Single by Skrillex

from the EP More Monsters and Sprites
- Released: June 7, 2011
- Recorded: 2011
- Genre: Dubstep
- Length: 4:22
- Label: Big Beat
- Songwriter: Skrillex
- Producer: Skrillex

Skrillex singles chronology
| "Get Up!" (2011) | "First of the Year (Equinox)" (2011) | "Ruffneck (Full Flex)" (2011) |

Music video
- "First of the Year (Equinox)" on YouTube

= First of the Year (Equinox) =

2011 single by Skrillex

"First of the Year (Equinox)" is a song by American electronic music producer Skrillex. It was released on June 7, 2011, as the lead single from his third EP, More Monsters and Sprites. The song has since become a moderate commercial success, peaking within the charts of the United States, Australia, Canada, Norway and Sweden. A music video directed by Tony Truand, produced by HK Corp, premiered on August 10, 2011, and was nominated at the 54th Grammy Awards for Best Short Form Music Video. The music video was nominated for the MTV Video Music Award for Best Electronic Dance Music Video and it won the award for Best Visual Effects in a Video at 2012 MTV Video Music Awards.

==Music video==
The official music video for the song was made available for download on iTunes on August 10, 2011. The video was produced by French company HK Corp and directed by Tony Truand. It was released on Skrillex's official YouTube channel on August 17, 2011, and has accumulated more than 420 million views.
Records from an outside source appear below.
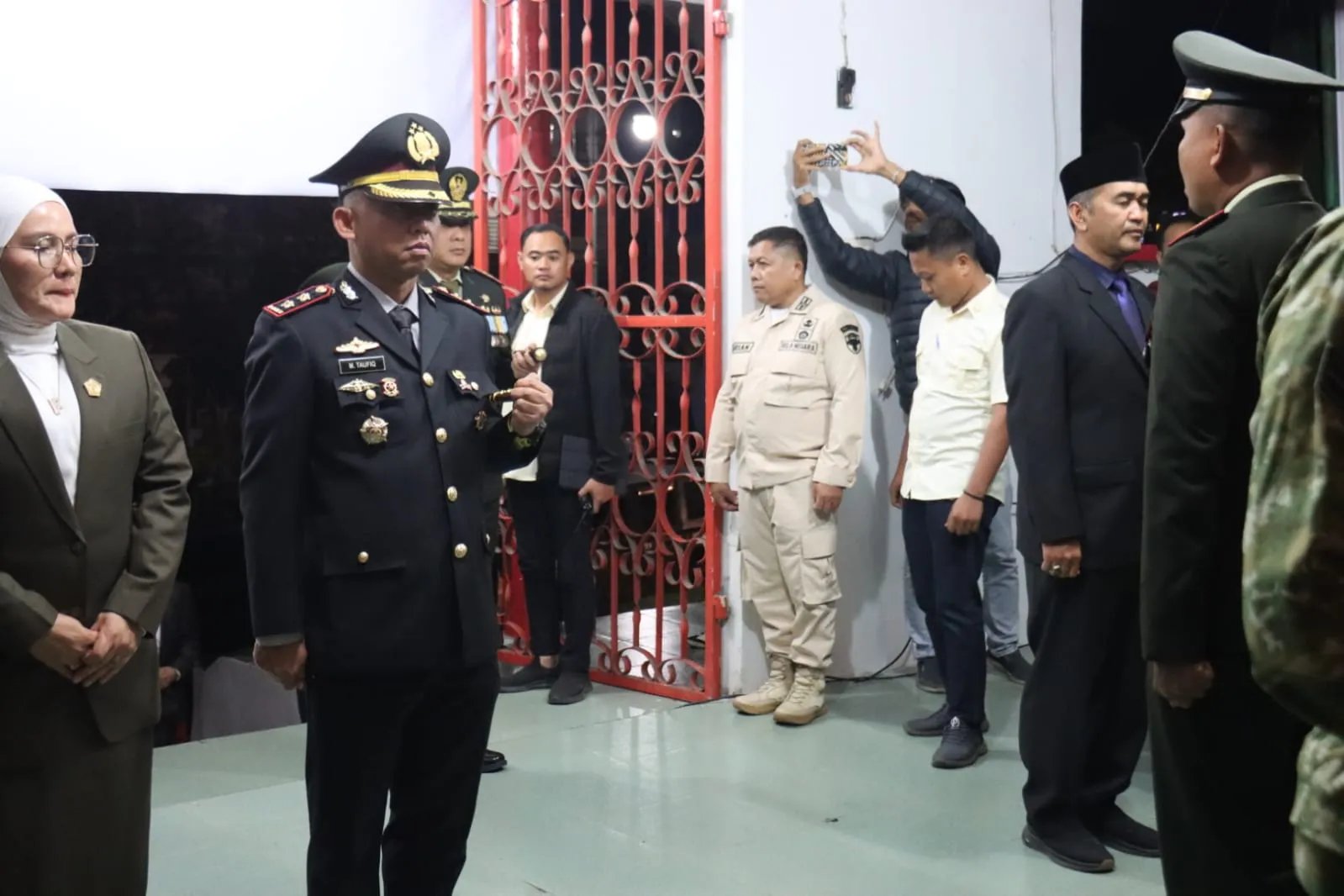 Kapolres dan Personel Polres Aceh Tengah Ikuti Upacara Kehormatan dan Renungan Suci, Kenang Jasa Para Pahlawan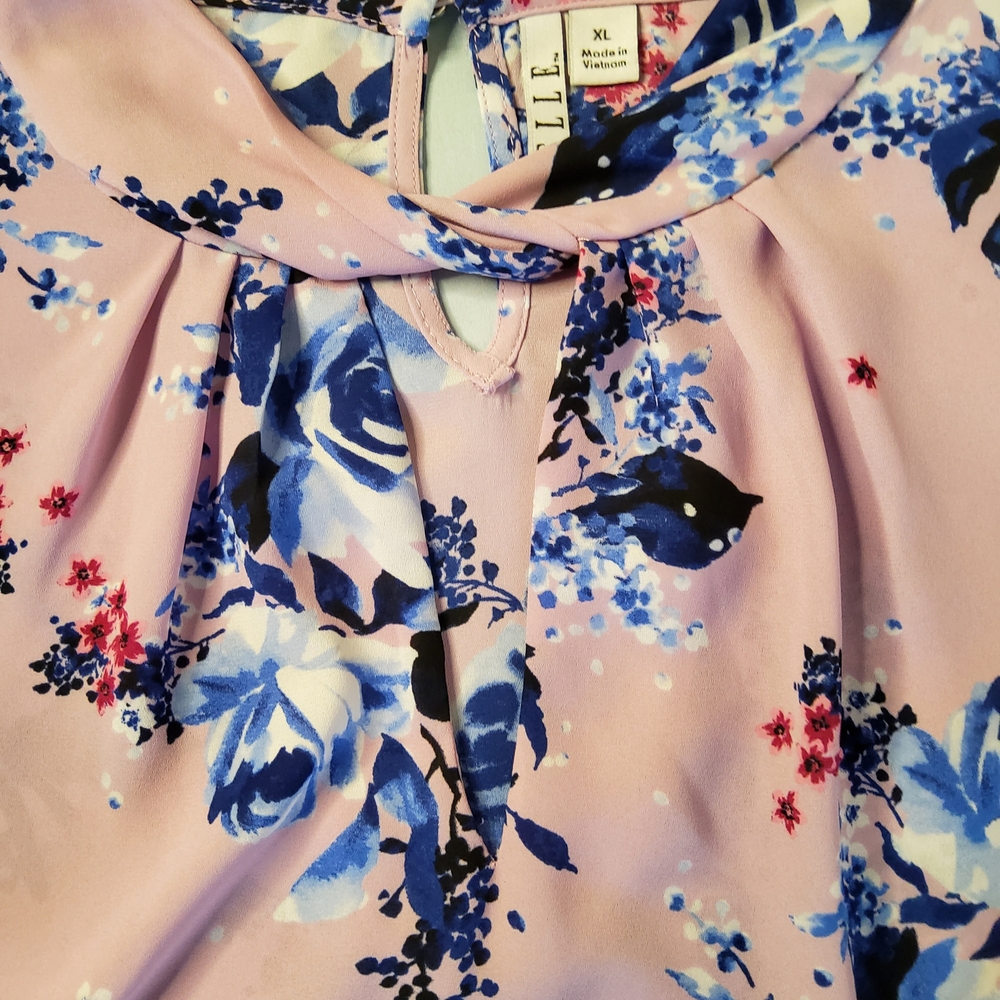 Elle Blush Pink Sleeveless Blouse with Blue Floral Print - Picture 5 of 7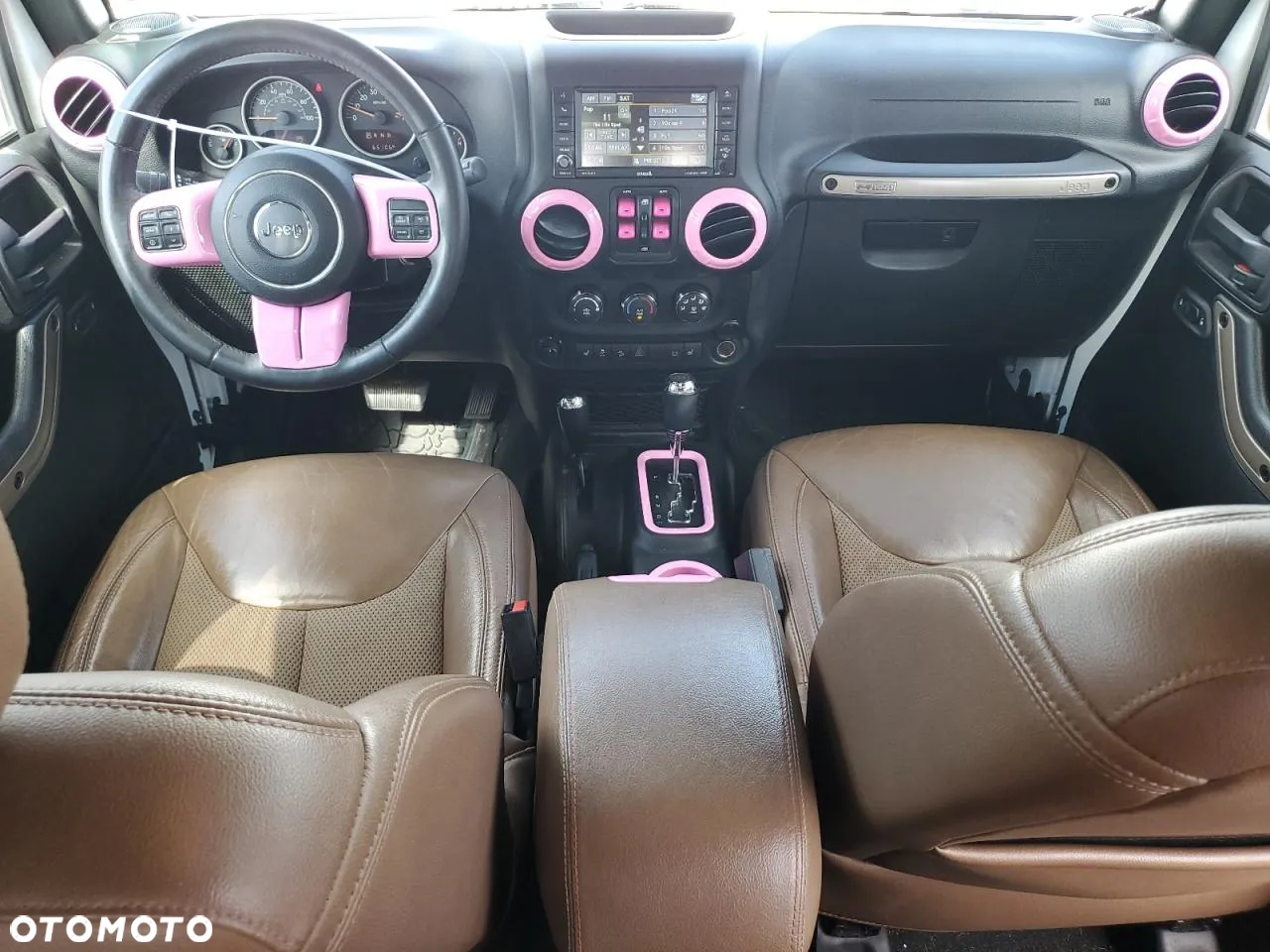 Jeep Wrangler - 8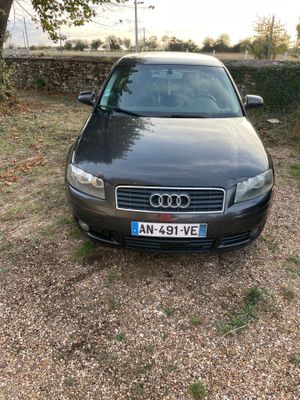 Audi A4 2.0 TDI V6 4 portes, boîte manuelle, 2007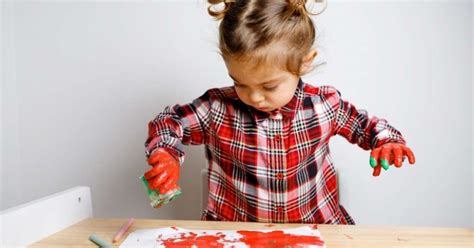 Etapele dezvoltării motricității fine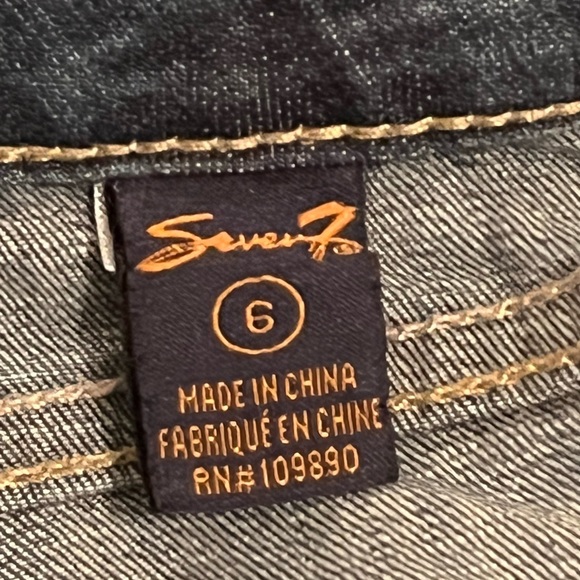 Seven 7 Low Rise Relaxed Capri Jeans - Picture 6 of 6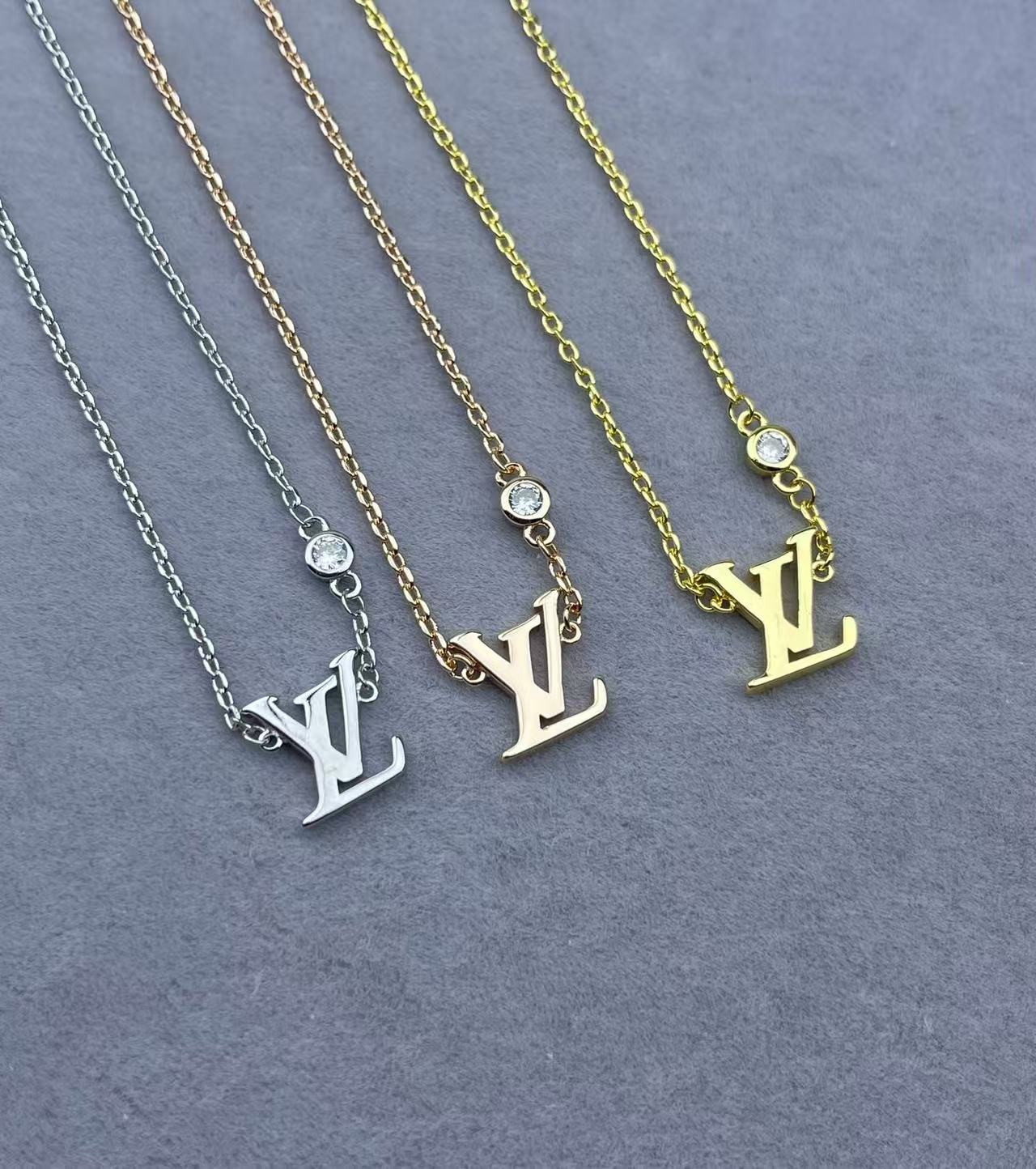 LOUIS*IDYLLE BLOSSOM logo Necklace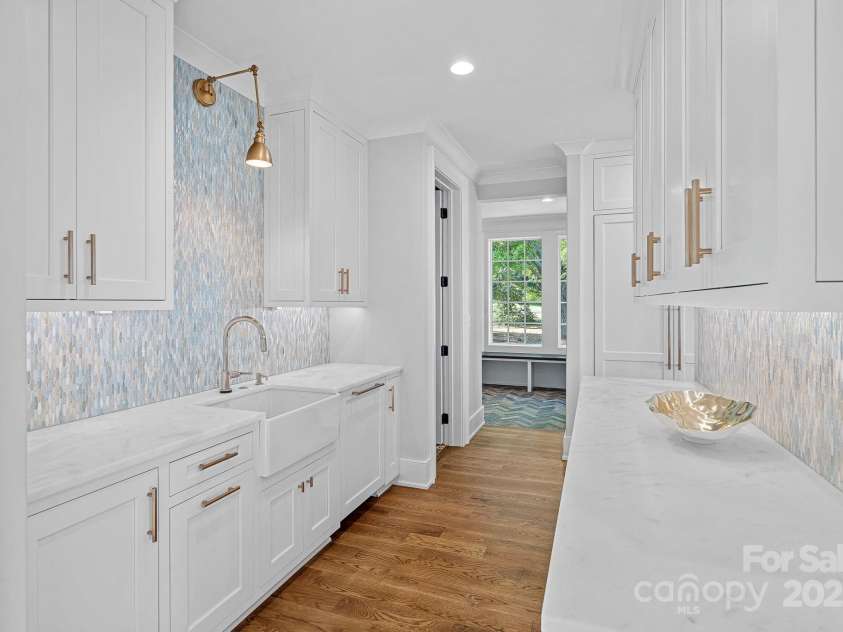 7861 Live Oaks Drive, Denver, NC 28037.  MLS# CAR4248991, YatesRealty ID 11091.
The video focuses on a pedophile who takes notice of and follows a young, innocent-seeming girl as she skips down the street and descends into an underground area. Following downstairs, he pulls out a cloth and douses it with chloroform. Just as he is about to attack, she screams "Call 911 now!" and begins telekinetically manipulating his body, raising him into the air, contorting him into various positions, slamming him against walls and shooting black smoke into and through his body. It is revealed that a dark figure, reminiscent of the slender figure in the Come to Daddy music video, is directly behind the child making identical gestures. The child's eyes turn the same color black as the figure. The suggestion is that the child is in fact some kind of avatar/golem being used by the creature to lure and punish child predators. Ultimately the child makes a final twisting motion with her hands, indicating she has killed the man. She is then shown using her finger to add a pitch black mark to a tally on the wall, adding another victim of her justice to the count (at least 75).

=== Critical reception ===
Spin complimented the video, saying "It's one thing to empathize with at-risk kids, or to speak up for them generally, but Skrillex takes it a step further -- and then further still -- in this stunning new video for the track 'First of the Year (Equinox).'" And went on to say "But in this clip, the song's melodic preamble also serves as an ominous backdrop for a creepy, would-be predator who's lurking outside a playground where young children are frolicking. The day is overcast, but something much darker is in the air, as a little girl leaves and the man stalks after her. When she unexpectedly skips off to a dark, abandoned warehouse, he continues to follow, eventually entering a room where she's standing alone, holding a telephone receiver. The keyboards suddenly fade into a glitchier groove, and then, at the 1:25 mark, well, you gotta see for yourself."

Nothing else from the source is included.